Wednesday morning didn't bring any relief to Wall Street, as investors continued to worry about the short- and long-term impacts of the novel coronavirus pandemic on the global economy. Warnings from President Trump about how difficult the coming few weeks are likely to be weighed on sentiment, and news from various state and local government officials suggesting that disruptions to daily life could last longer than anticipated raised new questions about the ability of many businesses to weather the crisis. As of 11 a.m. EDT, the Dow Jones Industrial Average (DJINDICES:^DJI) was down 593 points to 21,324. The S&P 500 (SNPINDEX:^GSPC) fell 78 points to 2,506, and the Nasdaq Composite (NASDAQINDEX:^IXIC) dropped 179 points to 7,521.

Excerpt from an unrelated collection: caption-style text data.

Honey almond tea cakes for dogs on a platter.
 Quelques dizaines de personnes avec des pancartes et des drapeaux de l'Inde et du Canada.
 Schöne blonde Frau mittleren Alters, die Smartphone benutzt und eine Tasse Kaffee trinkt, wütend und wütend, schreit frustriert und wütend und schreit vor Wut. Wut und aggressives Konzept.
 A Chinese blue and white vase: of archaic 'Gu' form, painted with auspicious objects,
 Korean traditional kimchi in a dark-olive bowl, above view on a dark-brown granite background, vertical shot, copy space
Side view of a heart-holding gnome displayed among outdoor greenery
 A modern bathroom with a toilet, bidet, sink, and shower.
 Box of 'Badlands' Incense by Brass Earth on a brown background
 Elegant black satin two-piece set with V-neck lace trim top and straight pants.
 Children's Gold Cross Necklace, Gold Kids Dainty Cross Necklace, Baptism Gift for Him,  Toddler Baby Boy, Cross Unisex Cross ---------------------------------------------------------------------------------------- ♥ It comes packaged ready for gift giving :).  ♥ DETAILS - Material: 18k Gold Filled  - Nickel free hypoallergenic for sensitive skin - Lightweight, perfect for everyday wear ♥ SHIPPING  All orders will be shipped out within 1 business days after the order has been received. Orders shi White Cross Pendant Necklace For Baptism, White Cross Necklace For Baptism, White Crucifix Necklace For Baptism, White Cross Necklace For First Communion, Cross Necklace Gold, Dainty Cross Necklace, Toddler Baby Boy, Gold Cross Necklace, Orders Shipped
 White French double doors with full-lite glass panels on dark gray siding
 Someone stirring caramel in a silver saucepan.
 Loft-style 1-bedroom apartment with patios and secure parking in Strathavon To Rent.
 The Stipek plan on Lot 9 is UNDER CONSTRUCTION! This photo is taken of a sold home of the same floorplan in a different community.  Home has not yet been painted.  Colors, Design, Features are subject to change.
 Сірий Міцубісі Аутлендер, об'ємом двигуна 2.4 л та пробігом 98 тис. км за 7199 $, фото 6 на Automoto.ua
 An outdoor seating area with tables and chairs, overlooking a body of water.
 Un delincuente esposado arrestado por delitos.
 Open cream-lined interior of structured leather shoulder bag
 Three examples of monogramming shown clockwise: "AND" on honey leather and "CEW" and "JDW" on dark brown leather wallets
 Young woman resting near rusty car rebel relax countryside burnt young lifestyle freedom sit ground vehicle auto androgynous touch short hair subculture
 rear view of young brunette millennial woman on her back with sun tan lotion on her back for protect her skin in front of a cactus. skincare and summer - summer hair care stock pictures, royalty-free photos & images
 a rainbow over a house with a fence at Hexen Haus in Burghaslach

The retail sector has taken a huge hit as a result of the COVID-19 outbreak, with many retailers having had to close their store operations entirely. Given the challenges that brick-and-mortar retail companies already faced even before the coronavirus hit, the loss of sales in store locations has hurt them at a time when they're least able to absorb the blow. That spelled bad news for Macy's (NYSE:M), Tapestry (NYSE:TPR), and Capri Holdings (NYSE:CPRI) Wednesday, and a disturbing trend could spread throughout the industry if there's no relief soon.

Hitting junk bond status

Macy's, Tapestry, and Capri all faced the dubious distinction of having their bond ratings cut. Rating analysts at Fitch reduced their rating on Macy's from BBB- to BB+, while doing a double downgrade on Tapestry's rating from BBB- to BB. Capri's former BBB- rating also moved lower to BB+, sending its stock down 14%.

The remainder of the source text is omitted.